I've read of lepers healed, those the Lord willed to make clean. There was the one who was grateful and nine who were not.
But I've imagined another--the 11th leper.
Perhaps he was neighbor to the woman who had the issue of blood, or an acquaintance of the man who waited by the pool. He heard of miracles, felt his need for one, but this leper had no friends to carry him to Jesus, none who were enterprising enough to tear up a roof and lower him down.
He always sought the Healer but never made it. Perhaps he was late. Too slow. Or the crowd was too great.
Or perhaps he travelled slowly--painfully--from far away, seeking the rumored rabbi with the healing touch. He might have travelled by night, avoiding the gaze of others, the cries of "Unclean!" the scattered shower of stones. He may have found darkness best to hide from himself.
He arrived too late. Passover had passed. Some said Jesus was dead; others said he lived again. Regardless, he was not there. Gone.
Perhaps the leper followed the truths the gentle Galilean left, finding some degree of transcendence and hope.
But the hard truth is that this leper was not healed, not because his faith had been wanting but simply because of an accident of time and place. But for that, he would have basked in the healing love that others experienced. That bitter irony must have made his suffering more acute as he lived out the rest of a wretched life.
Crawling, cringing, trapped in his own decay. He'd hide from others, but mostly from his own reflection, aware of his repugnance, deeply conscious of the foulness within and without. Wallowing in this mire of misery, his life may not have been long, but must have felt unending to him.
Eventually he died, finally coming face-to-face with the Lord he had sought but not found. He opened his mouth to ask, "Why, Lord?". He was ready to weep in accepting arms, ready to unburden himself of the years of suffering and sorrow. But once again, he was too late. For, in that moment, he realized he had nothing left over which he could weep.

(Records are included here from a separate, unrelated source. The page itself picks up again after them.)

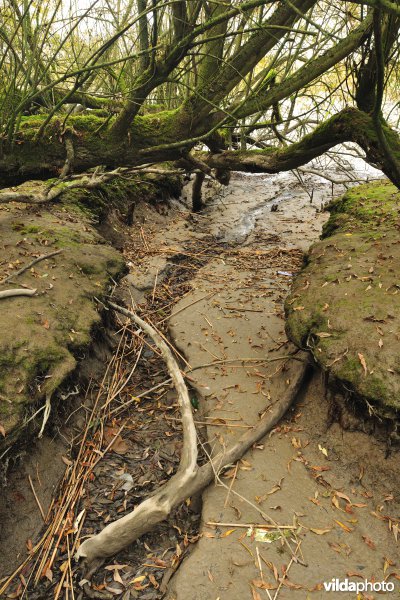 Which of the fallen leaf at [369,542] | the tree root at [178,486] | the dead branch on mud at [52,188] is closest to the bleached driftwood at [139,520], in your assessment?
the tree root at [178,486]

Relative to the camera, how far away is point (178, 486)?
277cm

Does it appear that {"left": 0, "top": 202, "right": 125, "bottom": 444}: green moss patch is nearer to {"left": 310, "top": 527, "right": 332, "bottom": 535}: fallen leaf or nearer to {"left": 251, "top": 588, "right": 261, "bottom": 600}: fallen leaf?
{"left": 251, "top": 588, "right": 261, "bottom": 600}: fallen leaf

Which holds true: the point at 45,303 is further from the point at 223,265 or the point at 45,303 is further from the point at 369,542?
the point at 223,265

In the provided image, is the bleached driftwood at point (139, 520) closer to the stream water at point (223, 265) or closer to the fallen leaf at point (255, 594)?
the stream water at point (223, 265)

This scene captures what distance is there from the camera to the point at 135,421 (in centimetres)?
373

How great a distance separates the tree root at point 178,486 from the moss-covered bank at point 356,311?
678 millimetres

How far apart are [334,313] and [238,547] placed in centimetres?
195

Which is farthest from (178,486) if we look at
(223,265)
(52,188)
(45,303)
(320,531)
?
(52,188)

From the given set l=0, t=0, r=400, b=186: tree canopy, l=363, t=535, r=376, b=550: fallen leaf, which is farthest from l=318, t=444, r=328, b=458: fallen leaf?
l=0, t=0, r=400, b=186: tree canopy

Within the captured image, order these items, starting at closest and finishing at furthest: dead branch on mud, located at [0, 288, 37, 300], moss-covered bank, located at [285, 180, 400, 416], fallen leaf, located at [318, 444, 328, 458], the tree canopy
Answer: moss-covered bank, located at [285, 180, 400, 416] → fallen leaf, located at [318, 444, 328, 458] → dead branch on mud, located at [0, 288, 37, 300] → the tree canopy

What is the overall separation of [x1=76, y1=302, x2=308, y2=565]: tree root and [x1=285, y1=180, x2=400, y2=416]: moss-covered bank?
68 centimetres

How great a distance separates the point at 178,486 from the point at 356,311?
2026 mm

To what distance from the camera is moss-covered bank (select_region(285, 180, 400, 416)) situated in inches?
115

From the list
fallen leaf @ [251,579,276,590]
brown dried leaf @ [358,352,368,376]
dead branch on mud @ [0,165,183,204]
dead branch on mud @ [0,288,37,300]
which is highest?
dead branch on mud @ [0,165,183,204] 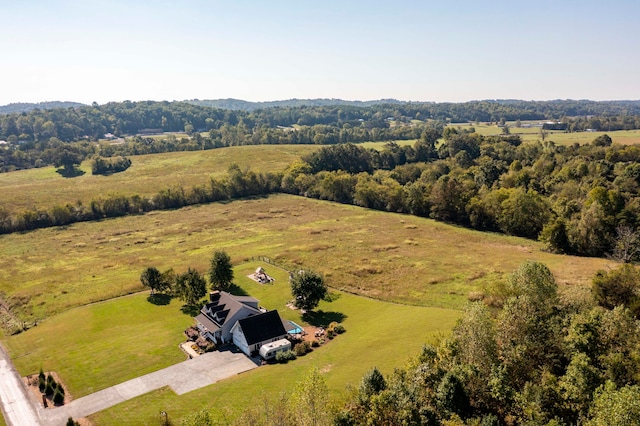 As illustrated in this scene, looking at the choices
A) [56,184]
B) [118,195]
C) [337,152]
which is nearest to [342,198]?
[337,152]

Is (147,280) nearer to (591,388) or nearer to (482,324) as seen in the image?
(482,324)

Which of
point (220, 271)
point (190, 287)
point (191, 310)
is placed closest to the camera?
point (190, 287)

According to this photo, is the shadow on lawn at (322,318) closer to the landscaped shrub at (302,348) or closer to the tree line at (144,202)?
the landscaped shrub at (302,348)

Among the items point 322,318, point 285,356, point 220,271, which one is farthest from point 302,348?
point 220,271

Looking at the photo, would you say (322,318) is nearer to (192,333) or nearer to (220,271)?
(192,333)

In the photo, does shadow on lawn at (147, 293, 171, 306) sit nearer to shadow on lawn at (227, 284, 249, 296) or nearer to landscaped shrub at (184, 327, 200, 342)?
shadow on lawn at (227, 284, 249, 296)

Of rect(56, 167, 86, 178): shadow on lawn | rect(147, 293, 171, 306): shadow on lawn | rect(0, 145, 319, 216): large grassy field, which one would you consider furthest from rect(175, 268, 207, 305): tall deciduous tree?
rect(56, 167, 86, 178): shadow on lawn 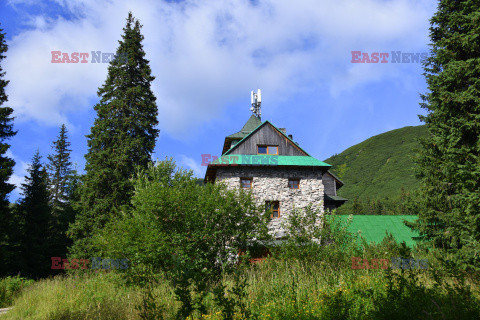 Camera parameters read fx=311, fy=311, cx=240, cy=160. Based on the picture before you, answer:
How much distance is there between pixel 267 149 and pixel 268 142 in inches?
20.9

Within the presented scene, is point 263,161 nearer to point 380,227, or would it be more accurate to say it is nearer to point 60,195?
point 380,227

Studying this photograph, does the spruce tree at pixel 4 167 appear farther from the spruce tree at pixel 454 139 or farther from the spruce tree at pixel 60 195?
the spruce tree at pixel 454 139

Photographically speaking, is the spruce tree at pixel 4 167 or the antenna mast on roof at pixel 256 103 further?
the antenna mast on roof at pixel 256 103

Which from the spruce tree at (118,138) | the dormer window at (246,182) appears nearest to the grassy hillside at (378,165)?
the dormer window at (246,182)

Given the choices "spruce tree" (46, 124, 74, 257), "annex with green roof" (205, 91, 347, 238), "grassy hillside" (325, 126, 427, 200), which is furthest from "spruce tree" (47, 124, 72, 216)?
"grassy hillside" (325, 126, 427, 200)

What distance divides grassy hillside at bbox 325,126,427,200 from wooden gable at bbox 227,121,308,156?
87216 millimetres

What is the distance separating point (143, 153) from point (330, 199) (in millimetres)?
15802

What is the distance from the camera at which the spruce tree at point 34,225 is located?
24.8m

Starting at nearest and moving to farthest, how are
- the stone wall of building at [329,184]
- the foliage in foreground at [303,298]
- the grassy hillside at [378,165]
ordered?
the foliage in foreground at [303,298], the stone wall of building at [329,184], the grassy hillside at [378,165]

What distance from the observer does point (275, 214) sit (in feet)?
71.3

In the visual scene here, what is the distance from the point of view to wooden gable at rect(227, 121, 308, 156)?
22.9 metres

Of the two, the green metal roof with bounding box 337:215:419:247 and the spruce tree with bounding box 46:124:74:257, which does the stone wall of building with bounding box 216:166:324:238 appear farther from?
the spruce tree with bounding box 46:124:74:257

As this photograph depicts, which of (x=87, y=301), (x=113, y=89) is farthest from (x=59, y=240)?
(x=87, y=301)

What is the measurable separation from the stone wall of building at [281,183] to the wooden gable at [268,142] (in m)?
1.33
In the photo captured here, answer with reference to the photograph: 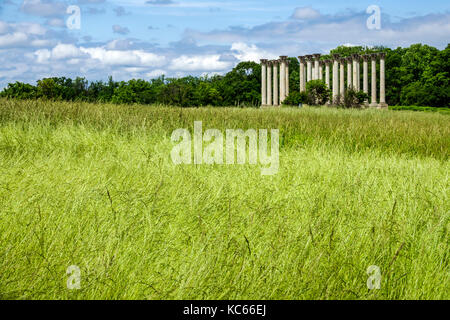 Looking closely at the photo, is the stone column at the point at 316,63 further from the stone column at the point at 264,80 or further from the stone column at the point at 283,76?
the stone column at the point at 264,80

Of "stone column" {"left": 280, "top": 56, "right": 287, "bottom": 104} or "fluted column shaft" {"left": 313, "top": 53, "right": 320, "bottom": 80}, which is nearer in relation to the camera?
"fluted column shaft" {"left": 313, "top": 53, "right": 320, "bottom": 80}

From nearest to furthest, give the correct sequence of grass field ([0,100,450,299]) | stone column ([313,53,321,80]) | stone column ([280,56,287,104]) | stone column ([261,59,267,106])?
grass field ([0,100,450,299]), stone column ([313,53,321,80]), stone column ([280,56,287,104]), stone column ([261,59,267,106])

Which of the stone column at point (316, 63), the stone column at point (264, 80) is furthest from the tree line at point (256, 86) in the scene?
the stone column at point (316, 63)

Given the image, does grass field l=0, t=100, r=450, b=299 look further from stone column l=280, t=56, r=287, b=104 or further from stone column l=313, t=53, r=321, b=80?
stone column l=280, t=56, r=287, b=104

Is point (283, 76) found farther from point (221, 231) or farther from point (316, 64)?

He was home. He was whole. His nightmare was over, a fever dream fast fading.
He couldn't remember, and it no longer mattered, what his--or anyone else's--suffering was. Because now, it wasn't. It was no longer. Gone. Forever.
The healing rushed in reverse, a flood that blotted out each memory, and covered each scar.
In a way he felt he'd always been healed.
As eternity stretched before him in a long, unbroken sunrise, he realized it had only begun.Bright, fresh, and beautiful--just like him.